Directions:
Restate word for word each line from the one containing "Affiche dans un" through the end of the material, and nothing more. Drop every picture.
*** Block opens ***
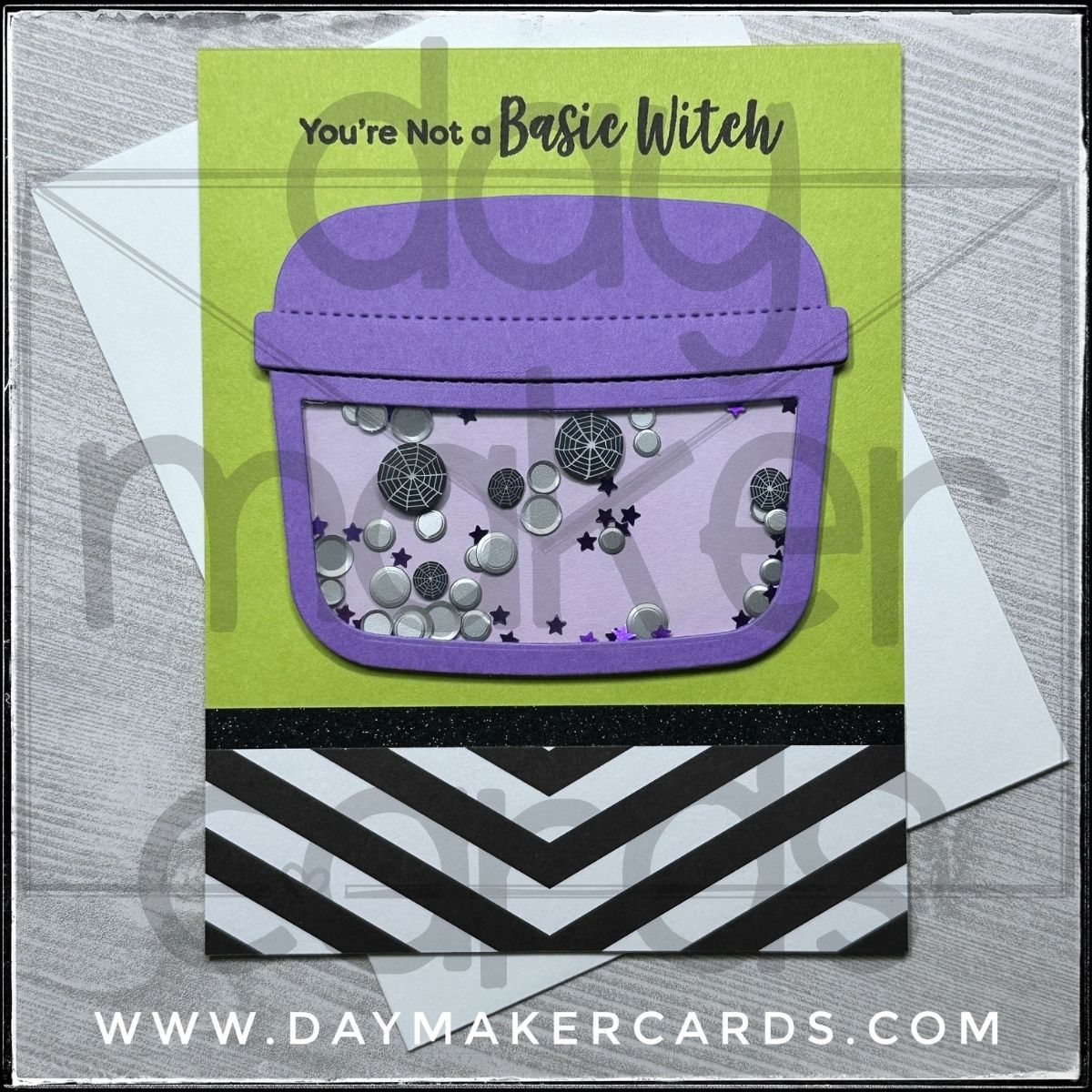 Shaker - Basic Witch Handmade Card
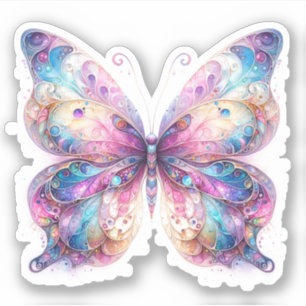 Whimsical Pastel Vlinder Stickers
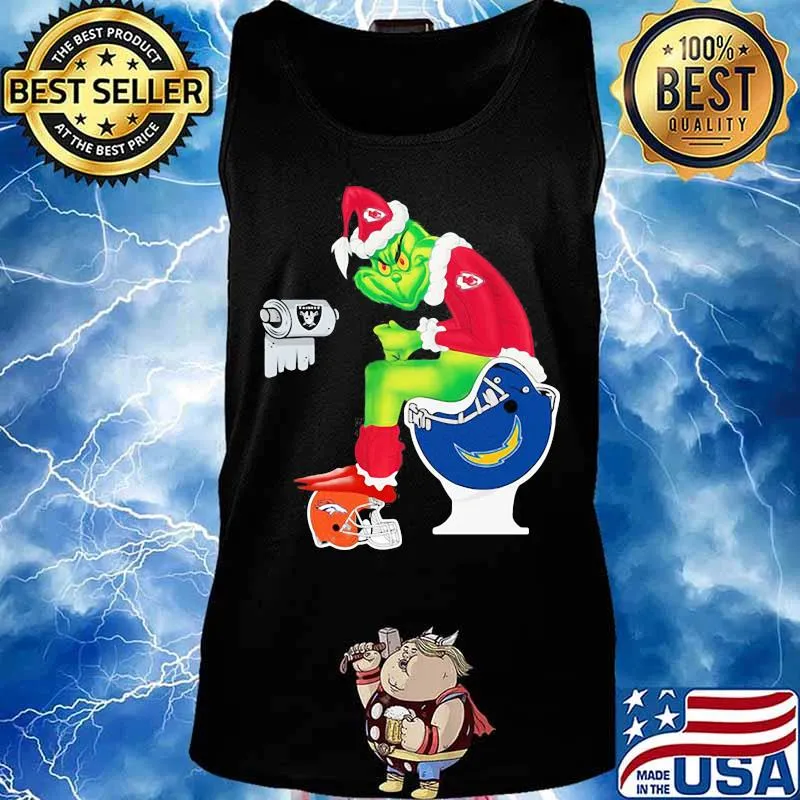 Merry christmas grinch santa kansas city chiefs s Tank top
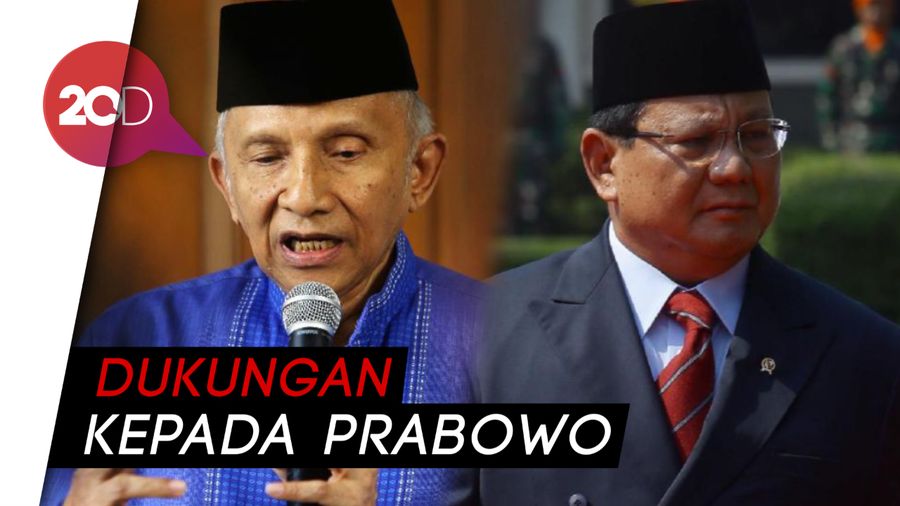Ada Syarat di Balik Restu Amien Rais untuk Prabowo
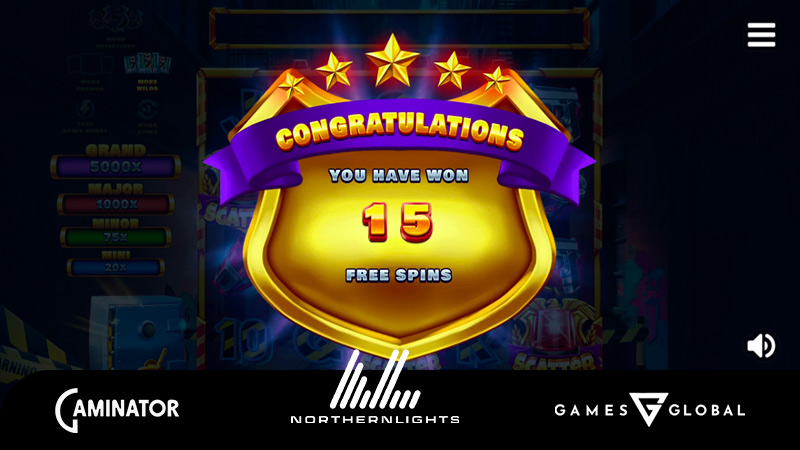 More Unusual Suspects bonus: Free Spins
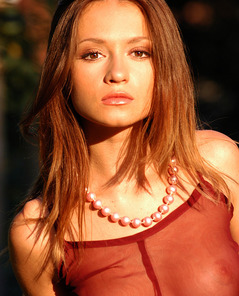 Allana Marliece in transparent top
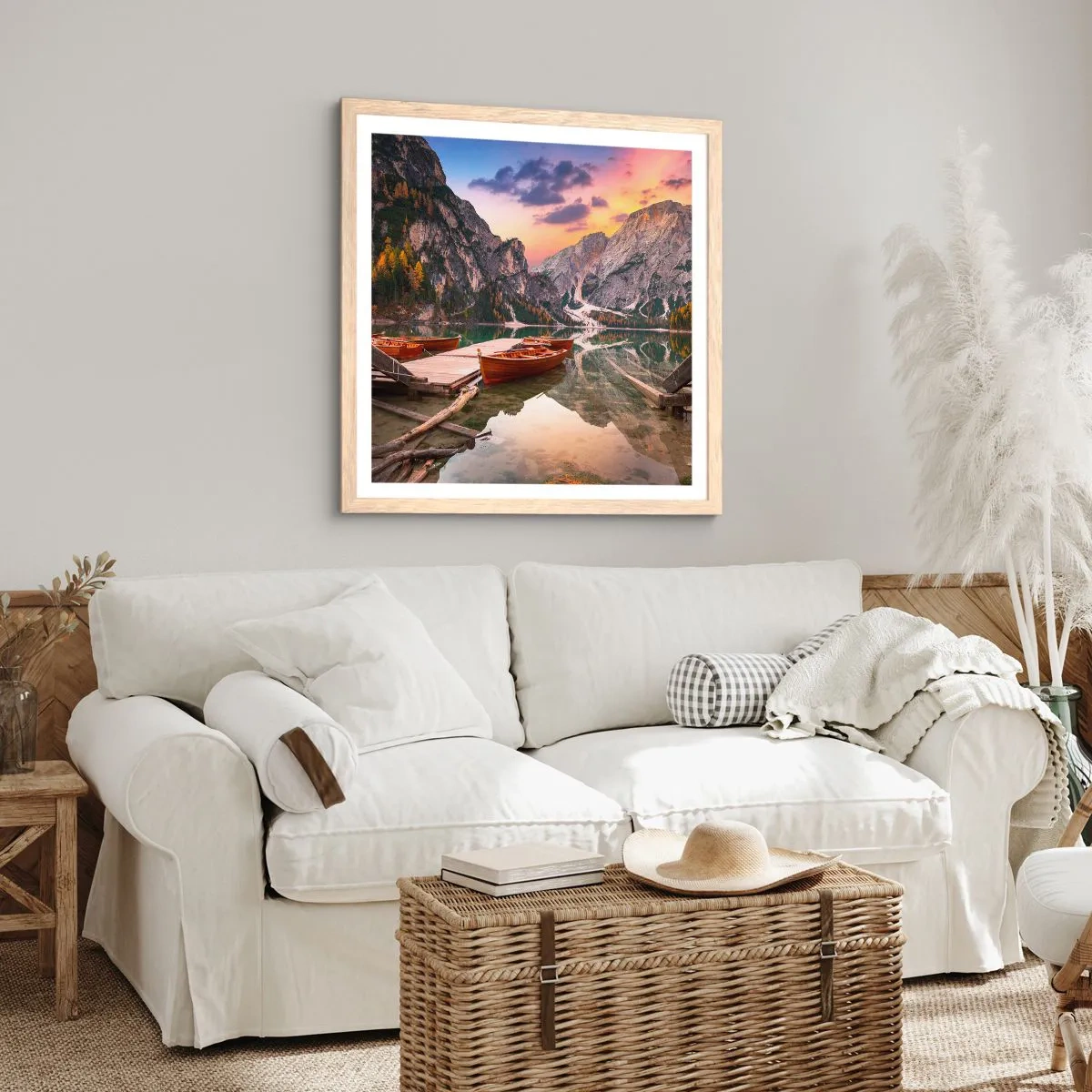 Affiche dans un chêne clair - Poster - Promesse du jour - 40x40 cm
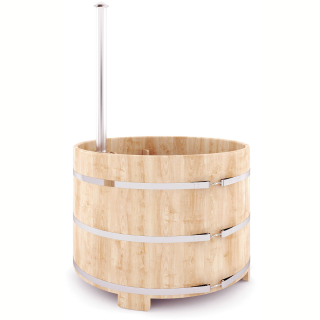 Кедровый бассейн офуро со встроенной дровяной печью ( 120*150*4 ). Фото №1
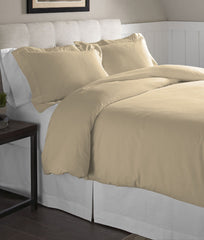 Solid & Print Flannel Duvet Sets Savannah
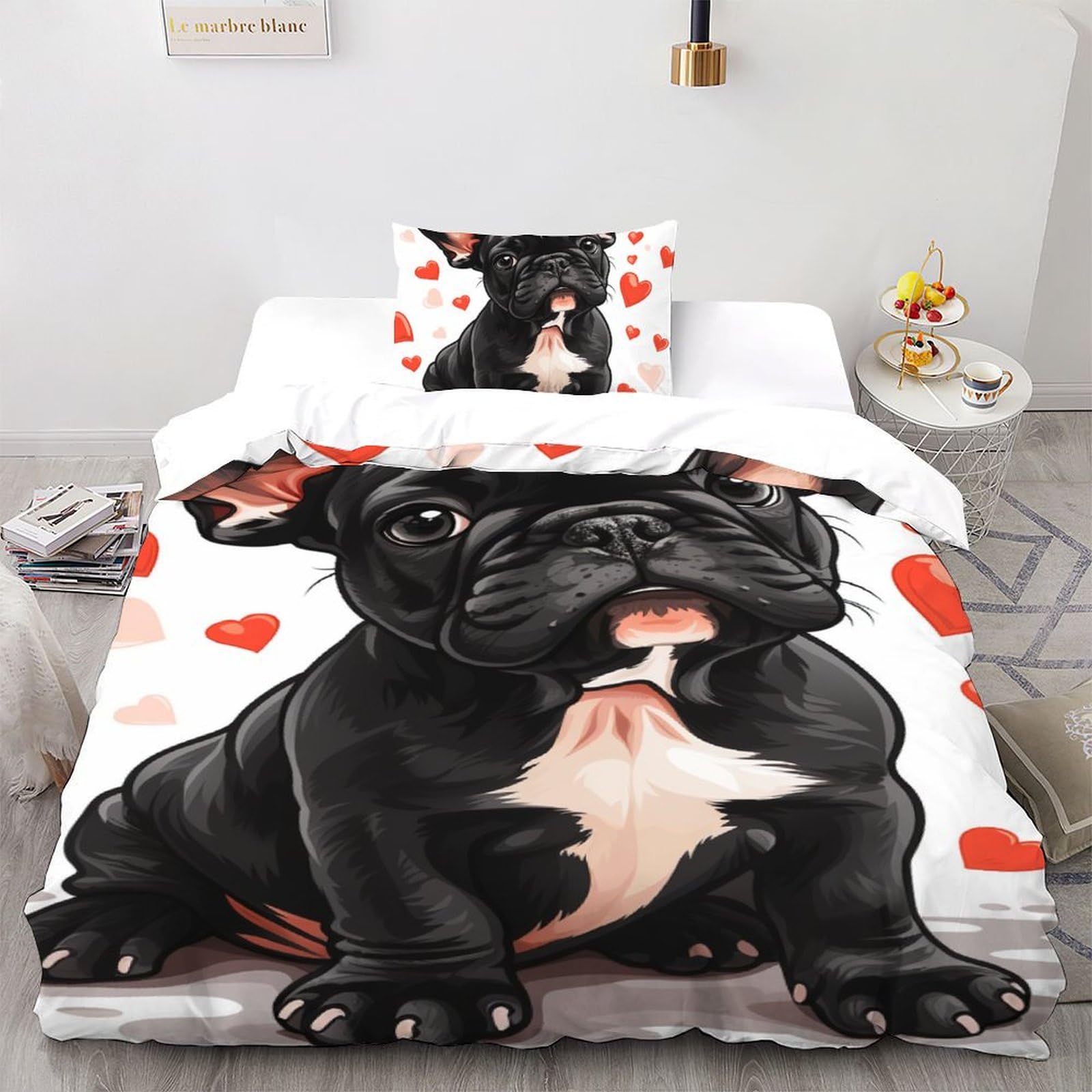 Parure de couette animal sauvage lit simple microfibre 135x200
*** Block closes ***
Solution:
 Affiche dans un chêne clair - Poster - Promesse du jour - 40x40 cm
 Кедровый бассейн офуро со встроенной дровяной печью ( 120*150*4 ). Фото №1
 Solid & Print Flannel Duvet Sets Savannah
 Parure de couette animal sauvage lit simple microfibre 135x200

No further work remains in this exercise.